Day of the Dead fills USC Village with song and art

The celebration included dance and music performances by local groups. The dancers wore different outfits, each specific to the regional heritage of their dance. (Gina Nguyen | Daily Trojan)

On a sunny afternoon last Sunday, the typical hub of tables filled with conversation, learning and long lines for food at USC Village was complemented by live music and dance performances.

In anticipation of the annual multi-day celebration that unites the living with the dead, Día de los Muertos — Day of the Dead — attendees of the Celebración del Día de los Muertos with Grupo Folklórico participated in traditional, themed festivities.

Families decorate sugar skulls, symbols of remembrance of deceased loved ones that help revive their spirits. Attendees also participated in other Halloween activities, such as kiddie treats at retailers and costume contests. The celebration involved the greater Los Angeles community, with many families joining the USC students in the festivities.

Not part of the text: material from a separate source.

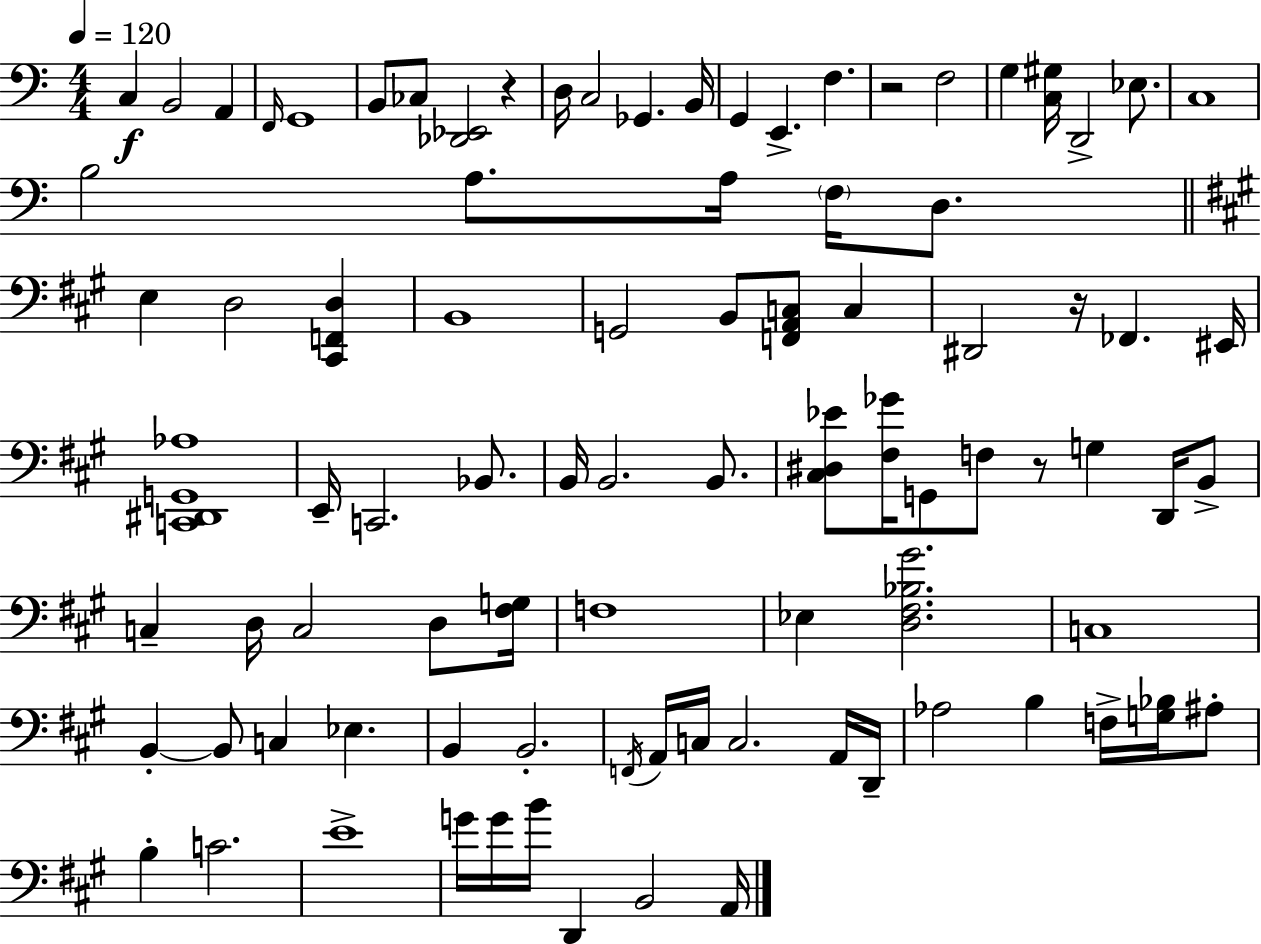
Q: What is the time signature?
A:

The afternoon began with live music that featured a local band from Miramonte Elementary School. The group Music Will shared Halloween tunes, filling the USC Village with songs. The performing group consisted of fifth and eighth graders who donned black and white costumes, some even with skulls painted on their faces.

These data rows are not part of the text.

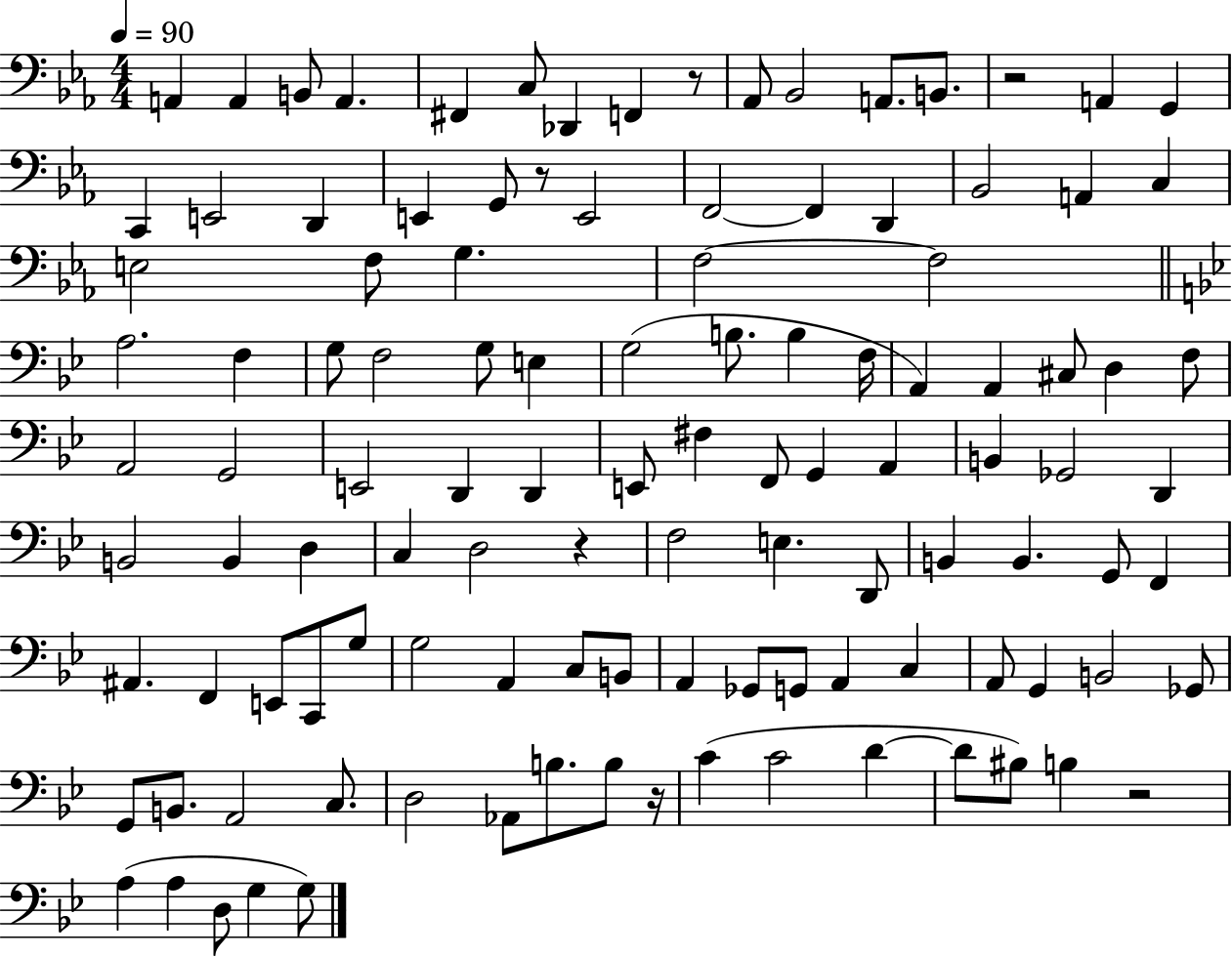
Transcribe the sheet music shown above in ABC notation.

X:1
T:Untitled
M:4/4
L:1/4
K:Eb
A,, A,, B,,/2 A,, ^F,, C,/2 _D,, F,, z/2 _A,,/2 _B,,2 A,,/2 B,,/2 z2 A,, G,, C,, E,,2 D,, E,, G,,/2 z/2 E,,2 F,,2 F,, D,, _B,,2 A,, C, E,2 F,/2 G, F,2 F,2 A,2 F, G,/2 F,2 G,/2 E, G,2 B,/2 B, F,/4 A,, A,, ^C,/2 D, F,/2 A,,2 G,,2 E,,2 D,, D,, E,,/2 ^F, F,,/2 G,, A,, B,, _G,,2 D,, B,,2 B,, D, C, D,2 z F,2 E, D,,/2 B,, B,, G,,/2 F,, ^A,, F,, E,,/2 C,,/2 G,/2 G,2 A,, C,/2 B,,/2 A,, _G,,/2 G,,/2 A,, C, A,,/2 G,, B,,2 _G,,/2 G,,/2 B,,/2 A,,2 C,/2 D,2 _A,,/2 B,/2 B,/2 z/4 C C2 D D/2 ^B,/2 B, z2 A, A, D,/2 G, G,/2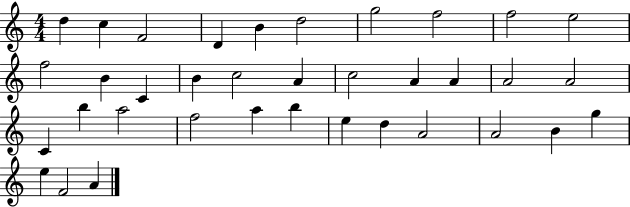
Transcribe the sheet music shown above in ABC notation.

X:1
T:Untitled
M:4/4
L:1/4
K:C
d c F2 D B d2 g2 f2 f2 e2 f2 B C B c2 A c2 A A A2 A2 C b a2 f2 a b e d A2 A2 B g e F2 A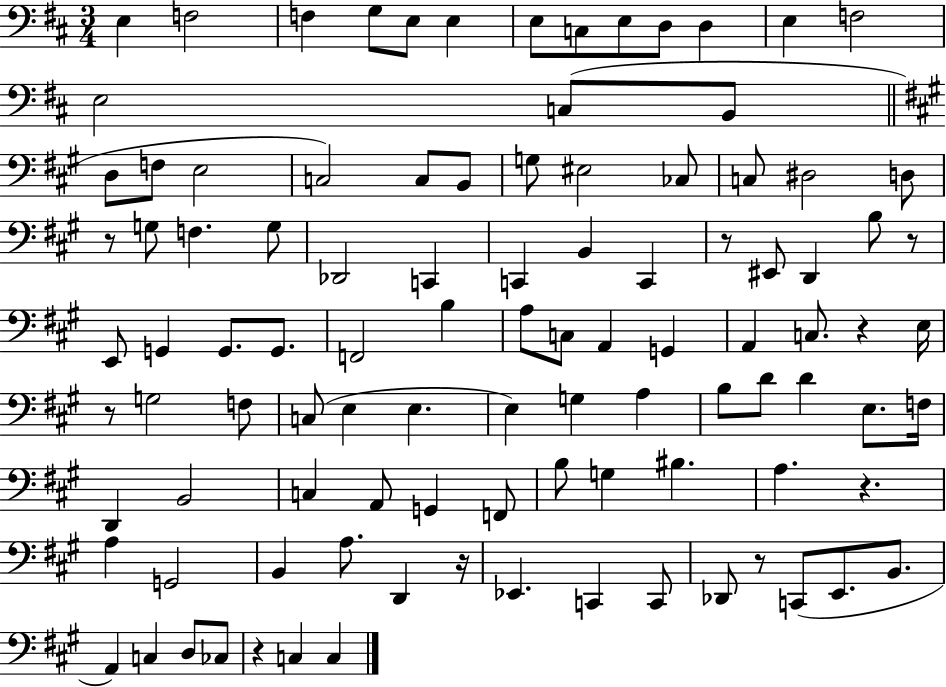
{
  \clef bass
  \numericTimeSignature
  \time 3/4
  \key d \major
  e4 f2 | f4 g8 e8 e4 | e8 c8 e8 d8 d4 | e4 f2 | \break e2 c8( b,8 | \bar "||" \break \key a \major d8 f8 e2 | c2) c8 b,8 | g8 eis2 ces8 | c8 dis2 d8 | \break r8 g8 f4. g8 | des,2 c,4 | c,4 b,4 c,4 | r8 eis,8 d,4 b8 r8 | \break e,8 g,4 g,8. g,8. | f,2 b4 | a8 c8 a,4 g,4 | a,4 c8. r4 e16 | \break r8 g2 f8 | c8( e4 e4. | e4) g4 a4 | b8 d'8 d'4 e8. f16 | \break d,4 b,2 | c4 a,8 g,4 f,8 | b8 g4 bis4. | a4. r4. | \break a4 g,2 | b,4 a8. d,4 r16 | ees,4. c,4 c,8 | des,8 r8 c,8( e,8. b,8. | \break a,4) c4 d8 ces8 | r4 c4 c4 | \bar "|."
}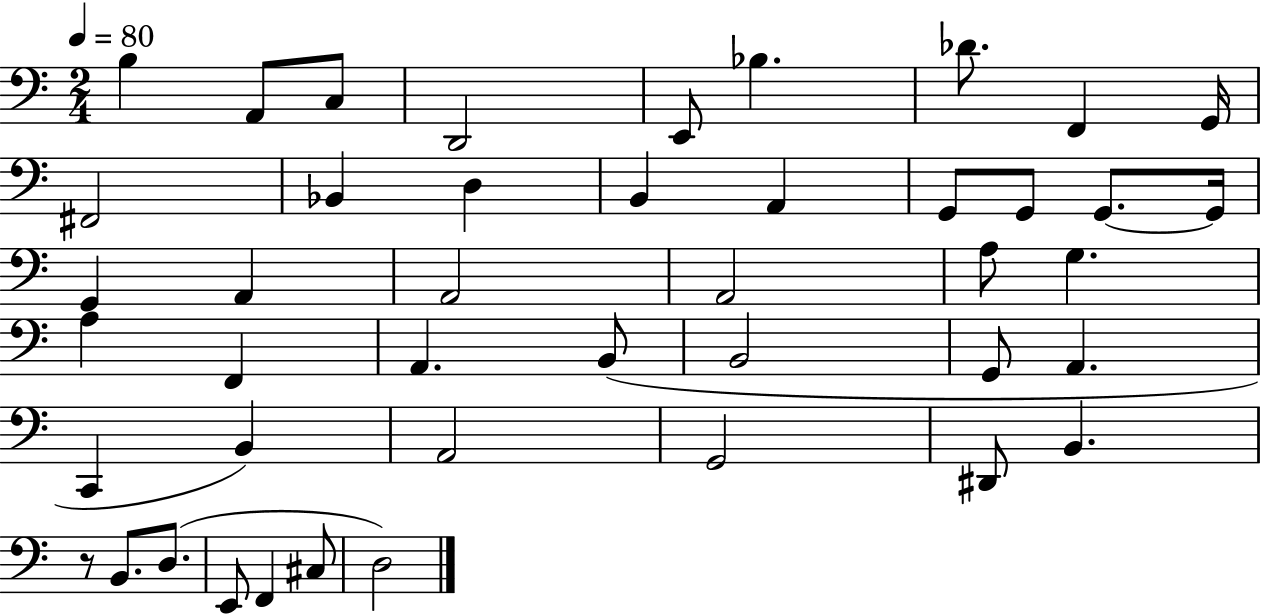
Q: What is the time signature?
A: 2/4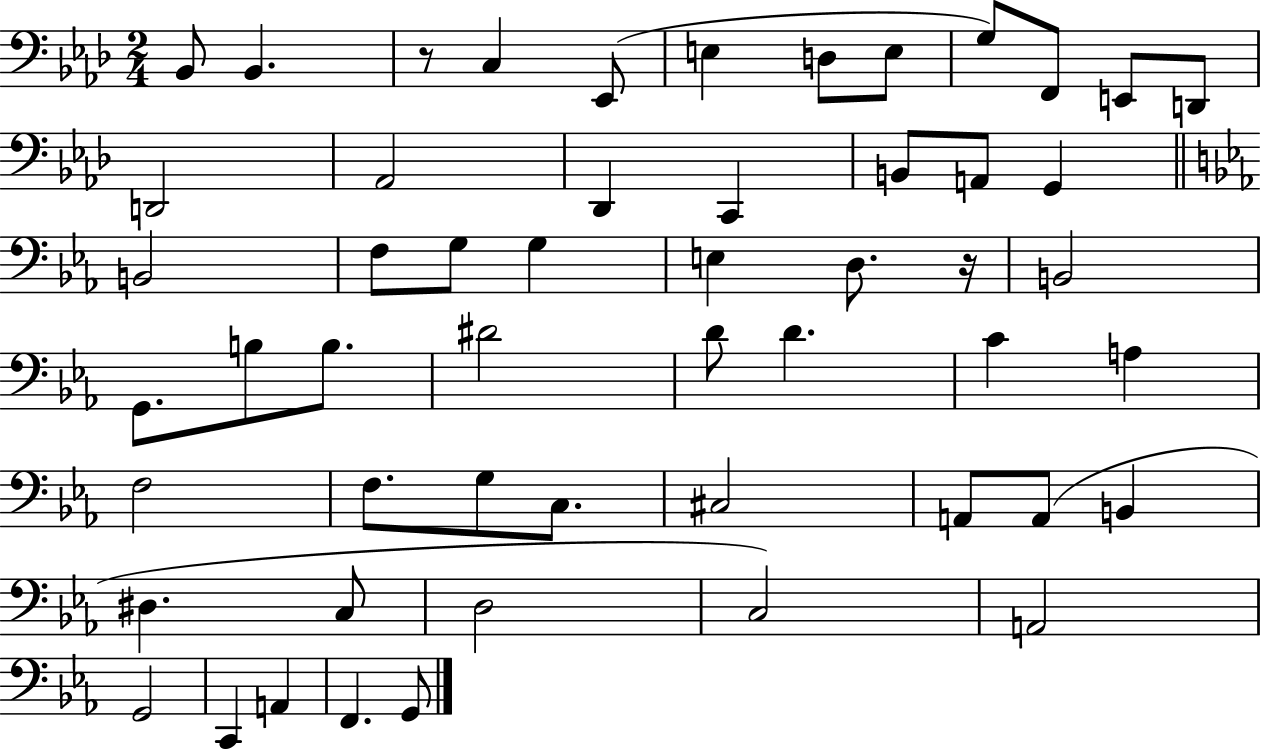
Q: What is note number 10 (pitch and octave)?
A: E2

As the strumming of the guitars and basses reverberated, Music Will’s energy permeated the entire outdoor space. Lining the sparkling stage were golden bouquets of marigolds, flowers commonly associated with Día de los Muertos celebrations and symbolizing the fragility of life. Strings of marigolds also decorated the aisles of the surrounding arena of full chairs.

Music Will performed classic songs such as “My Girl” by The Temptations, which had the crowd dancing, along with Halloween-themed tunes.

“When I took music class, I really liked playing guitar, so I found it as a hobby and started playing more often,” said Alyssa Sanchez, a fifth-grader in the band.

The event featured a costume contest along with other activities including painting and treats for the younger children who attended Sunday’s festivities. (Gina Nguyen | Daily Trojan)

This performance is not the band’s first for Día de los Muertos.

“[Music] it can express how you feel and it has different meanings,” fifth-grader Jayel Andrade said.

As the band serenaded the crowd, younger attendees sat at tables next to the performance stage, drawing and enjoying candies collected in cellophane bags and their own lantern gift bags. Children also roamed the space dressed in elaborate and festive Halloween costumes in eager anticipation of the upcoming costume contests.

Following Music Will’s performance, Grupo Folklórico de USC, a Mexican traditional dance group, took the stage to perform dances from multiple regions of Mexico to honor those who have passed. This performance was their main showcase for the fall semester.

“Our group, Grupo Folklórico de USC, kind of wanted to celebrate the day in our own way, which was through dancing,” said Brenda Sampaio, sophomore business administration. “I think the band really did a great way to bring a group of people together to celebrate this.”

The dancers were dressed in different outfits, each specific to the region of their dance. They also incorporated makeup and decorations into their performance.

“I think it was a really great way — as part of the Latino community — to celebrate the day and connect with that part of my culture,” Sampaio said.

Many families decorated sugar skulls, one of the traditional ways people celebrate the holiday, at the event. (Gina Nguyen | Daily Trojan)

As the event progressed, the crowd grew larger and the seats filled as passers-by joined the audience and participated in the lively event. The event concluded with a performance by USC Mariachi.

When the student-led mariachi ensemble entered the stage, they formed a semicircle facing the audience. Together, their instruments, ranging from stringed violins to brass trumpets, gave voice to mariachi music. Instrumental performances were followed by singing, with the ensemble dressed in matching black outfits providing the musical background surrounding the singers.

“I thought it was super cool to be exposed to this music,” said Sanya Verma, a sophomore computer science major who attended the event. “[The mariachi music] it kind of brought the whole place to life. It was really wonderful how they stepped up and did it, because it’s a very brave thing to do.”